In the last year, however, usage of our service has expanded dramatically. In the last few months we became aware that there were reports of individuals attempting to use our proxy for malicious purposes. These people were prepending “via” to the URLs of websites designed to capture sensitive personal details in such a way as to evade the protections built in to web browsers and other services. We don’t know that they were ever successful in those efforts, but the mere suggestion that they could have been is bad enough.

We took rapid action to address these concerns and ensure that our proxy cannot be misused in this way.

The primary change we’ve made is that we no longer run an open proxy. An open proxy is one where any website can be proxied without restriction. The utility of this is obvious: Since one doesn’t know beforehand which site any given user might want to annotate, running an open proxy ensures that any site will work. The problem is that this openness also includes web properties hosting web pages that could be used maliciously. As of now, only sites that we have approved are able to be annotated using the “via” proxy.
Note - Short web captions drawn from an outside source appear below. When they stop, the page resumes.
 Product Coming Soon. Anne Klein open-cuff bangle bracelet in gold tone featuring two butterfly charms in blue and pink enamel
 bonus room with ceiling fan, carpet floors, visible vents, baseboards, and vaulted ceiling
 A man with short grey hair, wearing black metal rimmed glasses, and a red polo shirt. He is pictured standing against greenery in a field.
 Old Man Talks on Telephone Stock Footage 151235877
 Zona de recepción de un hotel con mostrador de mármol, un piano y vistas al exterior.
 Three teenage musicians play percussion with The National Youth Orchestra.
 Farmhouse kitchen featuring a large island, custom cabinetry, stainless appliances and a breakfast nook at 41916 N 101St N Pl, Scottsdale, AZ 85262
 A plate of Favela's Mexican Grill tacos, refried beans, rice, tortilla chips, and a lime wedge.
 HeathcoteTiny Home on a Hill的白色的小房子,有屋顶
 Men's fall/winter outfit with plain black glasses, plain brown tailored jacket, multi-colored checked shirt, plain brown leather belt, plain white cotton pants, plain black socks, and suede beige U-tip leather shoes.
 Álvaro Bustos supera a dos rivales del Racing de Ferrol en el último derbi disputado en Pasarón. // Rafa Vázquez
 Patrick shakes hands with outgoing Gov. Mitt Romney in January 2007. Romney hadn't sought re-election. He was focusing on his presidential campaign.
Most people will never notice this change. Of the nearly 400 million domains on the internet, only a relatively small handful are used by most people. Across the 20 million annotations made so far, there are somewhere in the neighborhood of 100 thousand unique domains. Further, the large majority of those exist in a “long tail” where there may only be one or a couple of annotations ever made. Less than a thousand domains represent the substantial corpus where most annotations happen.

We’ve been careful to select a set of domains that we’re comfortable are safe and we’ve included them on our initial allow list. All other domains are now explicitly disallowed from the proxy. We are also now continuously scanning even this restricted set of domains against a set of widely used and maintained blocklists to ensure that even sites that we think are safe now continue to be so in the future.

It’s important to note that all domains can still be annotated using the extension or bookmarklet, or when a site owner purposefully embeds the Hypothesis client on the page. This change only affects the proxying of pages for annotators who don’t have the extension installed or who aren’t using a bookmarklet or embedded solution.

We understand that this may occasionally create friction for some of our users. If you would like us to consider adding a domain that is not currently included, please let us know. Over time we will implement strategies to make extending the list of allowed sites more seamless.